Since the peace process began in earnest in 1993, Rula Assali has been willing to believe that Israel wants peace. But no more.
"I'm seeing the lie that we've been living for seven years," says the Hebrew University dental student, her youthful face tight with bitterness and betrayal.
Like many other Israeli-Arabs - Palestinians who hold Israeli citizenship - Ms. Assali says she's stunned by the Israeli Security Forces' response to demonstrations in Arab towns and villages inside Israel. Among the 50-some people killed so far in the clashes, at least nine were Israeli-Arabs.

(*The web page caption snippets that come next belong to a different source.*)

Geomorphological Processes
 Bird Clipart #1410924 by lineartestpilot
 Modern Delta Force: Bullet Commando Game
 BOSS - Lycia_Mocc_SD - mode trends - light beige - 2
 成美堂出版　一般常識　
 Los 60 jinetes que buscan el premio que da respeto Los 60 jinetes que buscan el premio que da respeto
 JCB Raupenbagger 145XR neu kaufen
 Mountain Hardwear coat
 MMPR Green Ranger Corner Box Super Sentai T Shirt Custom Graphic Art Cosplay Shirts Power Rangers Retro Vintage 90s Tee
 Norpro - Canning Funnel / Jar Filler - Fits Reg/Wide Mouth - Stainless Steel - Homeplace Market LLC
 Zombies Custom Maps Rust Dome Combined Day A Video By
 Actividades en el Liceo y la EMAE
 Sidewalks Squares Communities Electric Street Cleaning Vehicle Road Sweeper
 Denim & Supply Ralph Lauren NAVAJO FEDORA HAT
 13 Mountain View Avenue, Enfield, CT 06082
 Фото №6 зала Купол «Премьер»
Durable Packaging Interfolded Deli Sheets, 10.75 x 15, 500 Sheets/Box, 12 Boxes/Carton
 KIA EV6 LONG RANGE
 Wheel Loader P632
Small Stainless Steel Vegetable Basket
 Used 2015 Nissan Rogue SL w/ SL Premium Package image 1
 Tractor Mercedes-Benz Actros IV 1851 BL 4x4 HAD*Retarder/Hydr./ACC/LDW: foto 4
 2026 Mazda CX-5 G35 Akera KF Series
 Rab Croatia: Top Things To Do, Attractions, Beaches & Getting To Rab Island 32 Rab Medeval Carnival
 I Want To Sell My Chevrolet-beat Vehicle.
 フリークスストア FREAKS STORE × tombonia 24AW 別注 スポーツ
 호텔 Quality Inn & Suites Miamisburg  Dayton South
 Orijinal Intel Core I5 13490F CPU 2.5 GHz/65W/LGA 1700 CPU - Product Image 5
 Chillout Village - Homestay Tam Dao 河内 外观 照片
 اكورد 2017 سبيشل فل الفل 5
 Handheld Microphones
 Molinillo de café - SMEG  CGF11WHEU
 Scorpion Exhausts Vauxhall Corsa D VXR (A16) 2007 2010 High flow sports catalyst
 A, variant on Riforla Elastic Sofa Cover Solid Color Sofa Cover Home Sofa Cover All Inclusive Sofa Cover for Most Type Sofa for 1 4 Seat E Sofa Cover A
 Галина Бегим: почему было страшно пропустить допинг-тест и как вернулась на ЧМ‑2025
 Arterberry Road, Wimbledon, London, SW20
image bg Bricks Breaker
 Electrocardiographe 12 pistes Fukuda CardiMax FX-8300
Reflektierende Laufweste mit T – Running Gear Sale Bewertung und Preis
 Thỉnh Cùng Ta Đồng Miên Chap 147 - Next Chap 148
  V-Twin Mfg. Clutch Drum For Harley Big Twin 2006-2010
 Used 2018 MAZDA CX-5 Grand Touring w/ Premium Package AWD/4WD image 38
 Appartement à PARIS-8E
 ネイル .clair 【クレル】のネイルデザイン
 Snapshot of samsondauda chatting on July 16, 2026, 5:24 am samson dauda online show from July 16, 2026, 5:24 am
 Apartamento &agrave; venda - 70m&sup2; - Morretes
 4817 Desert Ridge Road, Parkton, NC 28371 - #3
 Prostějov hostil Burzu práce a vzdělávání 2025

Perhaps to an unprecedented degree, Israeli-Arabs - 18 percent of the country's population - are agitating in favor of their non-Israeli kin. Israeli-Arabs have long protested discrimination, land confiscations, and inadequate public funding. But some Israelis are worried about a deeper conflict emerging. And more than ever before, they worry that Israeli-Arabs could be a potential enemy within.
"The underlying problem is not the individual discrimination [against Israeli-Arabs] that does exist to some extent, but the fact that they believe the very existence of the Jewish state is illegitimate," says Dan Schueftan, a lecturer at the University of Haifa.
Alienated Israeli-Arabs pose a particular and immediate problem for Prime Minister Ehud Barak, who leads a foundering minority government. Ten Israeli-Arabs sit in parliament, and Mr. Barak has relied on their support.
While hundreds of thousands of Palestinians left or were forced to flee as the state of Israel was established in 1948, those who stayed were given citizenship. Today, they represent almost 1 in every 5 Israelis, pay taxes and vote, but they argue that theirs is a second-class citizenship.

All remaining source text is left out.